ЗДРАВСТВУЙ, МАЛЕНЬКАЯ, СЛАВНАЯ ЭЛЛИ!

Я вижу. Ты большая любительница маленьких сюрпризов. Большое, огромное тебе спасибо за письмо, скорее за пакет, который я получил вчера. Не знаю, прямо, как тебя благодарить за то, что делаешь для меня. Правда, меня это письмо скорее разочаровало и повергло в уныние, нежели обрадовало. Трудно описать то чувство, которое я испытывал, когда я взглянул на него. Я страшно расстроился, и мне было очень больно и обидно, что нашелся какой-то «дятел» (другого слова я не нахожу), который нагло разорвал его и почти всё оттуда повытаскивал. Я понимаю, что ты хотела сделать как лучше, а получилось совсем наоборот. Не нужно было наклеивать фотографии на пакет, они-то по-моему и сыграли со мной злую шутку (именно со мной, т. к. я всё это очень болезненно переживаю уже второй день). Разорванный пакет пришёл, стянутый шпагатом, и на нём было написано: – "В Брест поступило в разорванном виде".


В общем, мне трудно описать тебе моё состояние и то, что со мной творилось тогда. Но как бы там ни было, огромное тебе спасибо за то, что ты так внимательна ко мне. Кое-что, конечно, дошло (всё – таки совесть у того негодяя утрачена не до конца, видимо). В восторге от плакатика АЛЬФА – РОЛЛО! Но я чувствую, что это – то немногое, что осталось…

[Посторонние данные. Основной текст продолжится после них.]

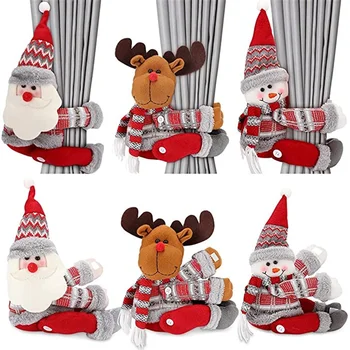 Linksmų Kalėdų Audinio Užuolaidos Laikiklį Santa Claus Sniego Briedžių Užuolaidų Saugojimo Apdailos 2022 Gimdymo Kalėdos Užuolaidų Dekoro Noel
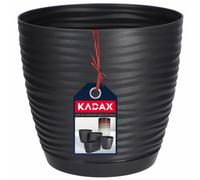 KADAX Vaso da fiori con sottovaso, fioriera, vaso per piante da interno, leggero vaso in plastica, sopravaso per fiori, piante, casa, stanza, vaso da fiori (15 cm - Quadrato, antracite)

Ну, ладно. Ничего не поделаешь. В будущем будем умнее. Правда, на своих ошибках учатся – дураки… Может, это и грубо слишком, но такова правда. Ладно ещё, если бы бандероль была заказная, с описью, а так как на ней написано – "простая бандероль" – ничего никому не докажешь, и пожаловаться тоже некому. Поначалу я хотел написать злобное заявление в Министерство связи, а теперь уже окончательно смирился с мыслью, что всё это потеряно уже, увы, безвозвратно…


Сейчас пребываю в ужасно дурацком настроении. Но не только поэтому. А вообще… Всё здесь противно, все эти морды надоели, ни на кого смотреть уже не могу. Жду, не дождусь, когда уже отпуск, и я укачу отсюда подальше, куда глаза глядят, только бы – не видеть всего того, с чем я сталкиваюсь каждый божий день. Мучительно долго тянется время. Я считал дни, которые остались до майских праздников, рассчитывая приехать в Москву. Но, видимо, ничего из этого не получится, т. к. сейчас половина командного состава ушла в отпуск, а солдаты на праздниках только и глядят, как бы это попить водки, да норовят в самоволку куда сбегать. Так что, праздники придётся провести в казарме – но это уже не в первый раз, и я где-то к этому был готов, так как на Ноябрьские и Новый год было тоже самое – ночи проводили в казарме. Ругаю сейчас эту проклятую систему на чём свет стоит. Всё здесь стало ненавистным. Планы все ломаются, да их лучше и не строить никогда: за тебя всё спланируют.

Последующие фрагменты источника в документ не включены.